I ran into his arms and then cried...I cried until I couldn't cry anymore. Everyone was looking at me. I wiped my eyes and looked at Dad and then cuddled into his chest.

"I'm sorry, baby doll, I didn't mean to upset you or scare you...you didn't have this problem when I and Hap went at it in the ring." Tig said while handing me some paper for me to wipe and blow my nose. I looked at everyone, I knew I was going to have to tell them, I just didn't know how they would handle it.

"I think it bothered me the most because we're so close to my home and...Max used to beat mom and me up really really bad. He did some other things as well," I whispered. I could feel Dad tense up. I looked up at him and he looked ready to kill someone. He pulled me closer to him, holding me tight. Tight enough that it hurt a little.

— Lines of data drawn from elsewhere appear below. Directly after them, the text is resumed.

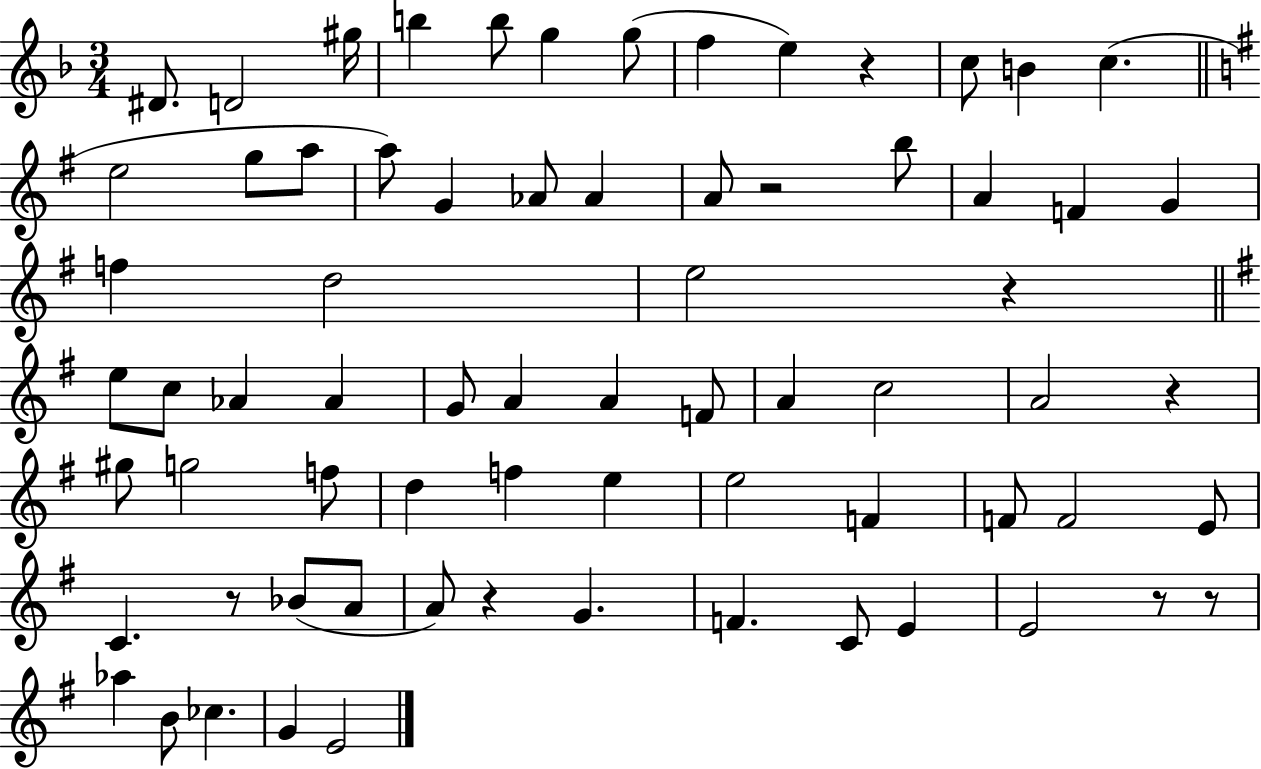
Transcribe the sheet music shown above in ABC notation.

X:1
T:Untitled
M:3/4
L:1/4
K:F
^D/2 D2 ^g/4 b b/2 g g/2 f e z c/2 B c e2 g/2 a/2 a/2 G _A/2 _A A/2 z2 b/2 A F G f d2 e2 z e/2 c/2 _A _A G/2 A A F/2 A c2 A2 z ^g/2 g2 f/2 d f e e2 F F/2 F2 E/2 C z/2 _B/2 A/2 A/2 z G F C/2 E E2 z/2 z/2 _a B/2 _c G E2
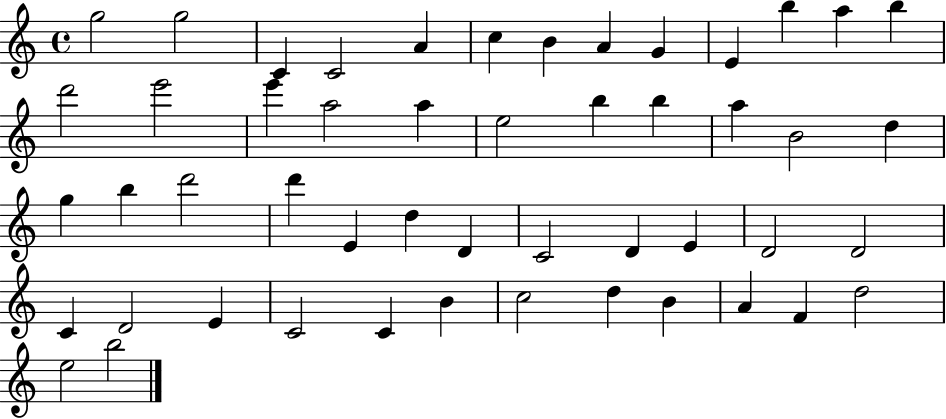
X:1
T:Untitled
M:4/4
L:1/4
K:C
g2 g2 C C2 A c B A G E b a b d'2 e'2 e' a2 a e2 b b a B2 d g b d'2 d' E d D C2 D E D2 D2 C D2 E C2 C B c2 d B A F d2 e2 b2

"What do you mean, other stuff? Baby girl, did he ever touch you?" Tig asked me. I looked at him and nodded my head. I saw the anger flash in his eyes. I started to cry again - now that this was all out in the open, I felt naked and it was like everyone was judging me.

"That fucker is dead. I'm going to gut him like the pig he is." Tig said while standing up and starting to pace. Dad hadn't said anything and that worried me. I hoped he didn't shut me out. I didn't think I could deal with that.

"Sky, is there anything he did to you? Or anything else we need to know?" Dad asked, his voice more raspy than normal. I could tell he was holding in his anger. He was shaking...or was that me? I wasn't too sure. I didn't want to tell anyone anything, but I knew I had to. If not, it would end badly.

"I didn't mean to, but I killed one of Max's guys. He was trying to rape me, but I grabbed his gun and blew his brains out. Max ended up finishing what this guy started. I tried to kill him, too, but that only ended with me getting the shit beaten out of." I said, as more tears feel from my eyes. I never told anyone this, not even my two best friends. I just keep it inside of me. Not even mom knew. It would break her heart, so I just keep it to myself.

"Sky, I promise you, if it's the last thing I do, I will kill Max and you won't have to worry about him coming after you ever again." Dad said while holding me. I felt someone sit beside me and looked to see Tig sitting there with tears in his eyes. I hugged him. As Dad let me go, I clung to Tig and buried my face into his neck. I knew I was safe here with them, but it still scared me the lengths that Max would go to kill me.

"Tig, you take care of her. I'll be back. I need to get out and clear my head. I'll be back in a little bit...do you want anything while I'm gone, Sky?" Dad asked me. I thought about it and then picked up my head out of Tig's neck, looking at Dad.

"A white chocolate bar would be nice if it's not too much trouble," I said, putting my head back into Tig's neck. He held me close to him. I felt safe like nothing could touch me. I liked this feeling.